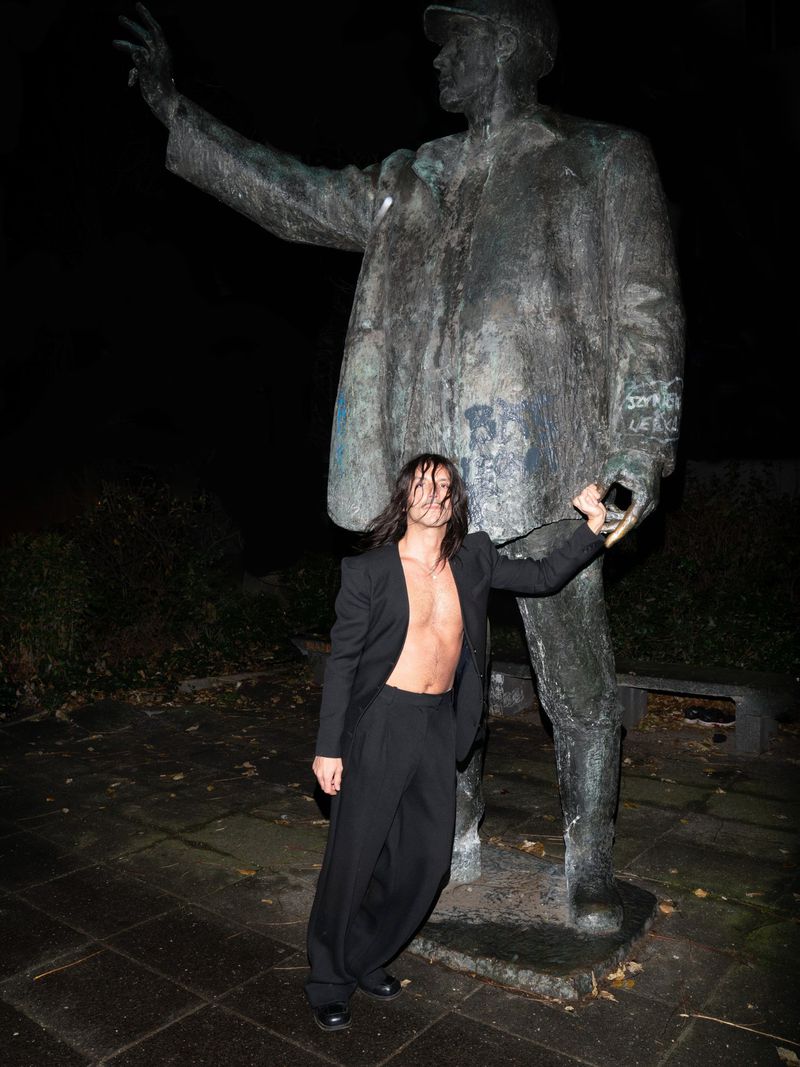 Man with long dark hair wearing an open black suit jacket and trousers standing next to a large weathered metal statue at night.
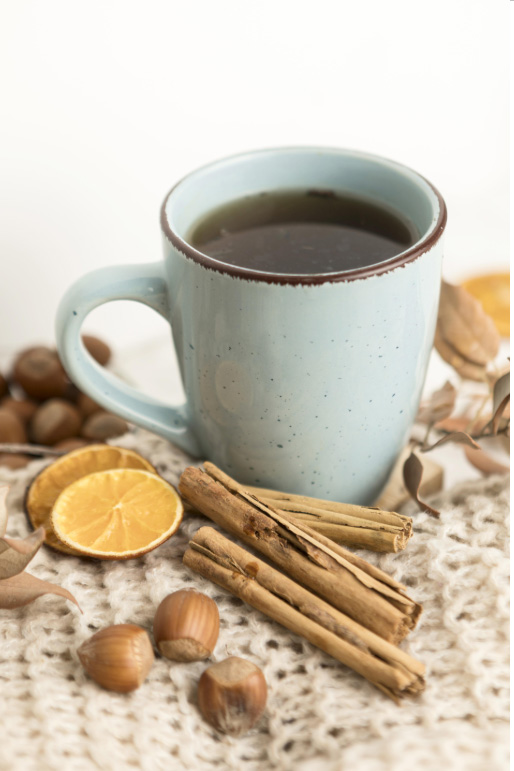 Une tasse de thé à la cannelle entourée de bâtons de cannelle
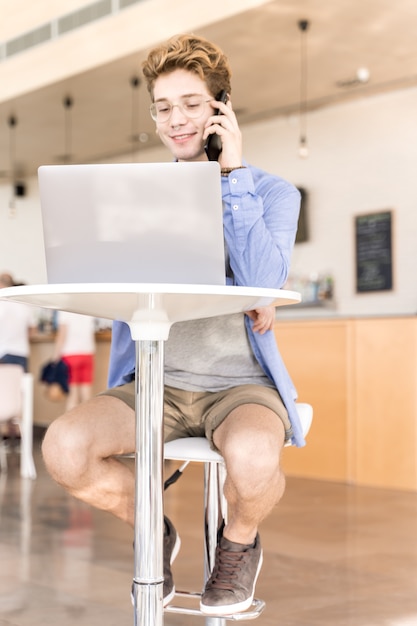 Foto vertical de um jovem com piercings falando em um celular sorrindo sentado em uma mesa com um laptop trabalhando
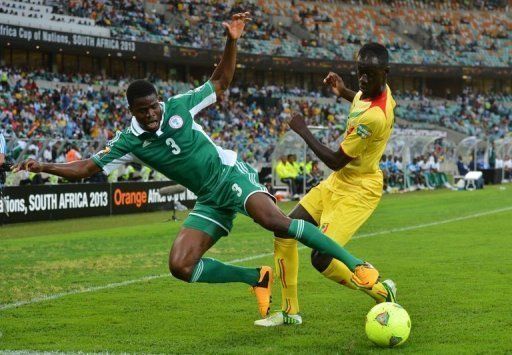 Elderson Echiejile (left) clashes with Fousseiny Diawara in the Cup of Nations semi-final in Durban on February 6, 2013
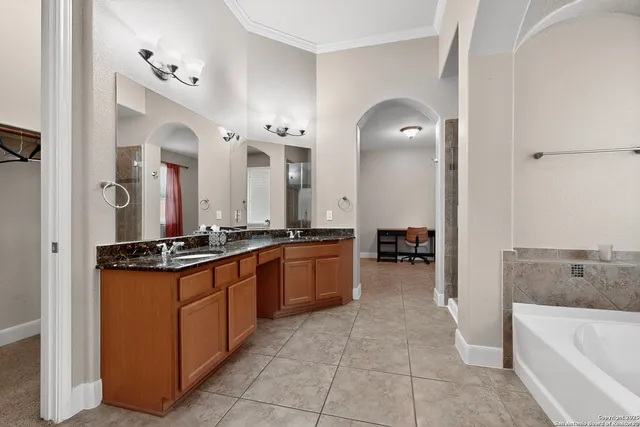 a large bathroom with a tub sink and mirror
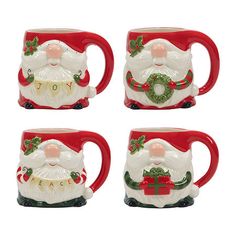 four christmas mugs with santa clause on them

==

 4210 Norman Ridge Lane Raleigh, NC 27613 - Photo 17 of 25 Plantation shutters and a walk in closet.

* **Exercise**:
Transcribe only the lines above that start at the line containing "Man with long" and end at the line containing "four christmas mugs". Omit pictures.

* **Your solution**:
 Man with long dark hair wearing an open black suit jacket and trousers standing next to a large weathered metal statue at night.
 Une tasse de thé à la cannelle entourée de bâtons de cannelle
 Foto vertical de um jovem com piercings falando em um celular sorrindo sentado em uma mesa com um laptop trabalhando
 Elderson Echiejile (left) clashes with Fousseiny Diawara in the Cup of Nations semi-final in Durban on February 6, 2013
 a large bathroom with a tub sink and mirror
 four christmas mugs with santa clause on them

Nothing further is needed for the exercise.